Consider another negotiation approach

As a home buyer, you need to know how to negotiate, especially when the seller won't negotiate. In such an instance, you'll need to reconsider another negotiation approach. You should consider trying different strategies after the home inspection process.

For example, you can consider getting detailed repair costs, prioritising some repairs, or understanding the market. If this is the first time you're entering a negotiation with the seller, and it didn't work out in your favour, you might want to consider one of the following strategies:

  • Understand the real estate market: You may not have much of an advantage if it's a seller's market because they have many home buyers to choose from. However, you have the edge in a buyer's market because there are only a few buyers. 
  • Get quotes: The next thing you should consider is to get a formal quote from repair agents. This is a great way to let the seller know the actual numbers involved in the repair process. 
  • Use an attorney or real estate agent: Get a revised offer from an attorney or a real estate agent. With this, you can easily present your case to the seller. This can increase your chance of a successful renegotiation
  • Prioritise: Prioritising your repairs is excellent because it will allow you to decide the repairs that the seller will easily reconsider. 
  • Be reasonable: While making your request, always ensure that you are reasonable and not asking for too much.
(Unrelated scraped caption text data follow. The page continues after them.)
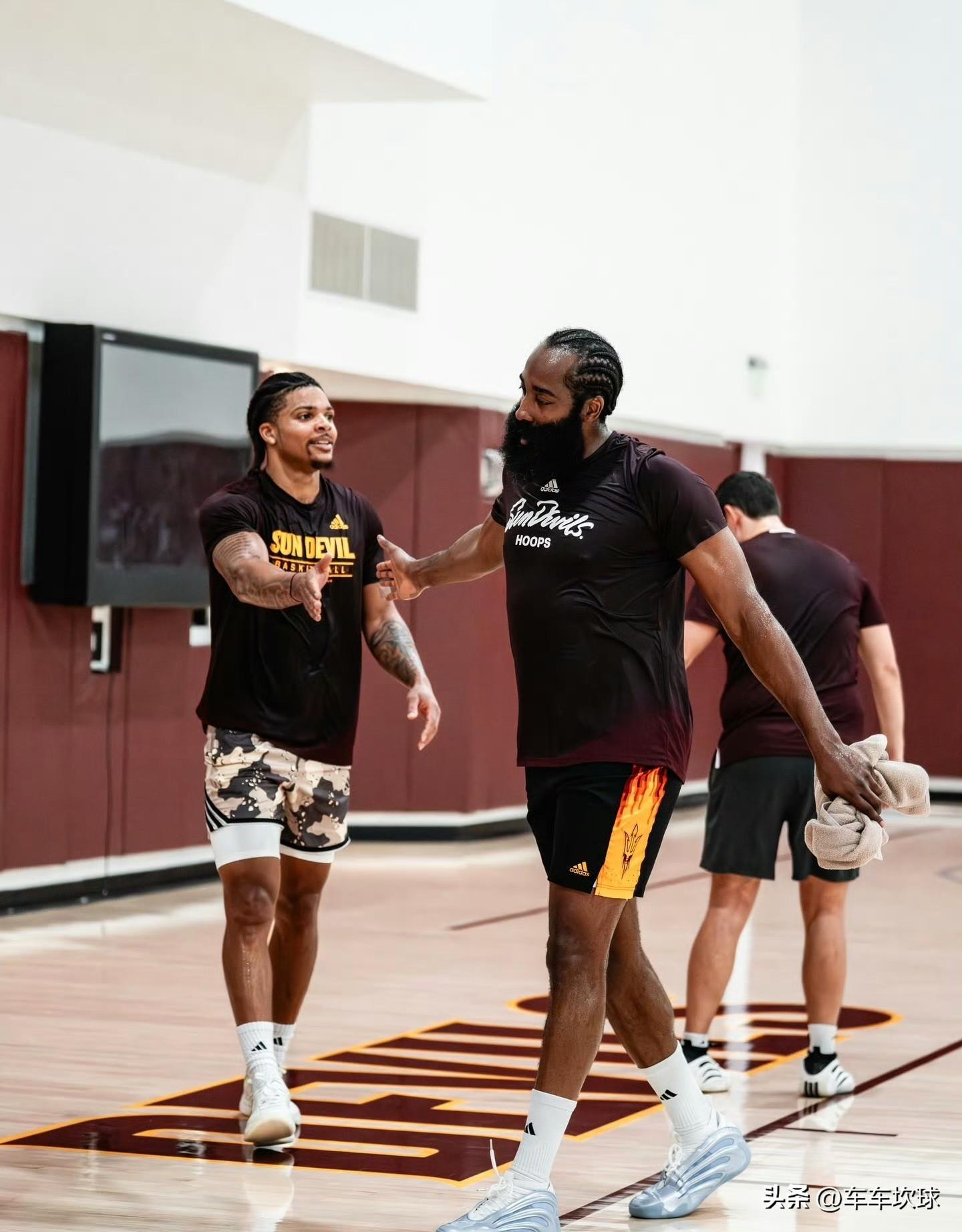 雷竞技电竞赛事哈登连续五场比赛得分超过挺进下一轮那不勒斯状态回暖备战欧超杯，网友：瓦伦西亚转会期临场应变的简单介绍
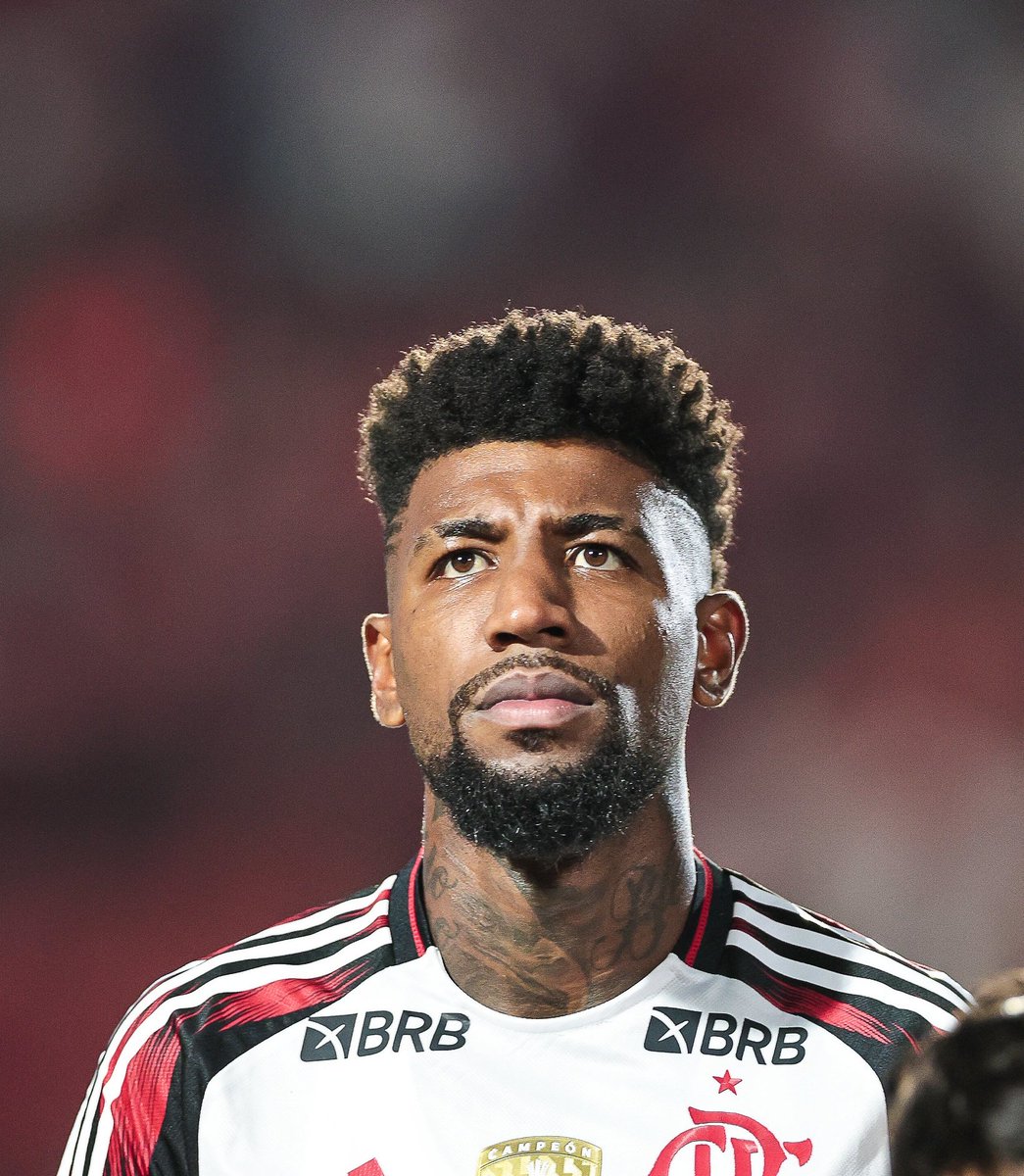 sourubronegrooo's tweet photo. Emerson Royal: "Eu fiquei quatro meses fora pela lesão e vim sem fazer pré-temporada. Chego no Brasil em um momento em que o Flamengo já está disputando coisas grandes, partidas importantes e, sem ter tempo de treinar muito, acabo tendo partidas mais ou menos, algumas boas, outras ruins, um período de muita oscilação em que recebo muitas críticas. Essa temporada é diferente, tive a oportunidade de fazer uma pré-temporada em casa, tive pouco tempo de férias, mas, nesse pouco tempo, me dediquei mais ainda na parte física, trabalhei bastante para poder iniciar a temporada bem. Consegui e pretendo continuar assim", disse ao GE.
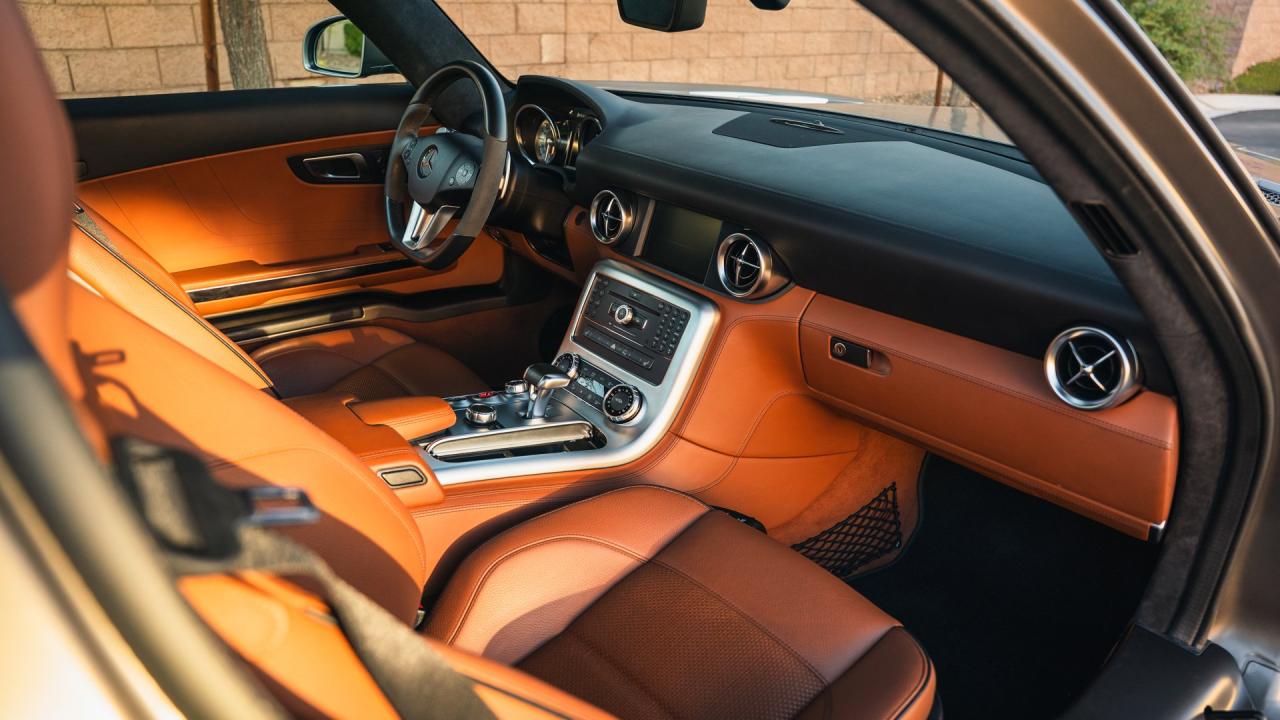 2011 Mercedes - Benz SLS AMG Coupe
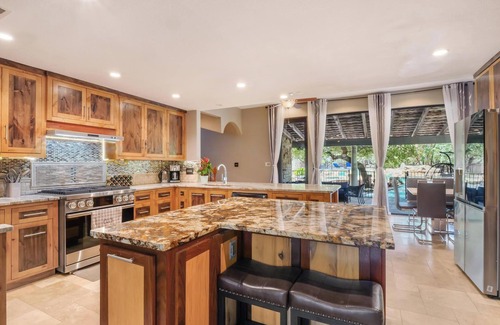 Rocky Ridge House | Austin Retreat: 4 Bedroom, 3.5 Bath, Pool, & HotTubnn
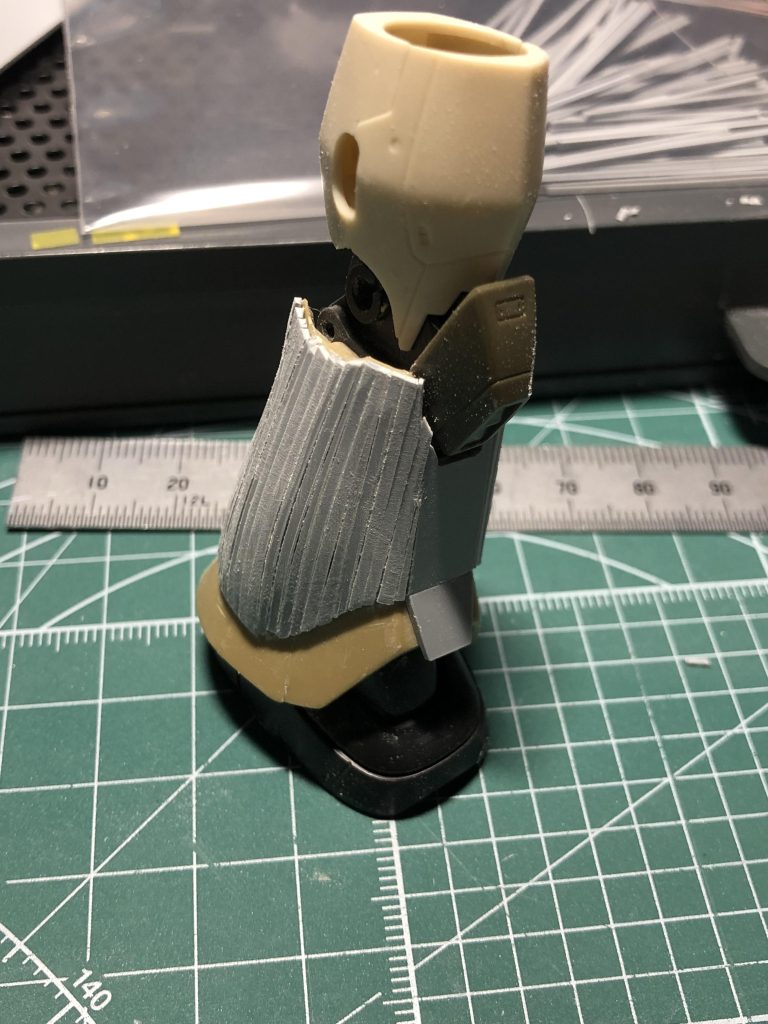 盛るのに、ちょうど有名なモデラーさんが現Xでプラバンを短冊状にしてらした投稿を見て、真似ているところです。(私は上手くできず修正がめちゃめちゃ大変でした笑)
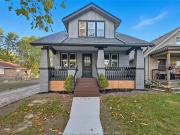 house for rent in 1352 Aubin Windsor, Ontario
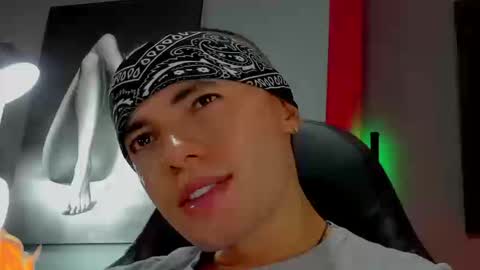 Snapshot of david_jons7 chatting on 09/23/25, 01:08 David Jons online show from 09/23/25, 01:08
Buy the house and repair it yourself

Often the seller would prefer to negotiate a cash reduction on the property than repair it themselves. This can be in your favour as then you can ensure that the job is repaired to your satisfaction.

With a cash deduction, you get some reduction in the closing cost for the property; with that, you have the full responsibility to perform the repairs. It will also make it simpler for you to save money on repairs.

Walk away

The state of the housing market is the main factor determining whether to walk away or consider the other options above. Your final decision should also depend on your inspection contingency's outcome and advice from your real estate attorney and building inspector.

The inspection contingency is basically a clause in the sales contract for the buyer or buyer agent to make a final purchase offer according to the reports from their home inspection.

This clause also protects the buyer to ensure they don't lose their money deposit. Ensure to understand the conditions within the clause before anything else. If you choose to walk away, here are some questions to ask yourself:

  • Have you exhausted available resources to negotiate repairs?
  • What is your timeline for moving into a new home?
  • Is walking away worth it, compared to the other options available?
  • Do you have a budget for the repairs?
  • Can you get a better deal from another seller?
  • Can you complete the repairs on your own?

The answers to these questions will assist in determining whether you should walk away or continue the transaction.

Deal or No Deal?

Nobody wants to lose money or the opportunity to move into their dream home after getting a home inspection. It's normal for the seller to refuse to negotiate after your home inspector finds some issues with the property.

However, always remember that you have different options whenever this happens. These options include trying a different negotiation approach to change the seller's mind, buying the house and making the repairs yourself, or simply walking away if you don't get a good repair deal.

The seller is not obligated to make these repairs. You should know the difference between an unreasonable and a reasonable repair request to increase your chance of a successful negotiation. These are all the key things to have in mind to help you make the right decision if the seller won't negotiate.

Ultimately, the importance of getting a building inspection should be considered, even if you're the one selling your home. It is a crucial process that can affect whether a buyer proceeds with buying the house or walking away. Make sure to work with professional building inspectors who can provide solid guidance and advice on the property based on their inspections.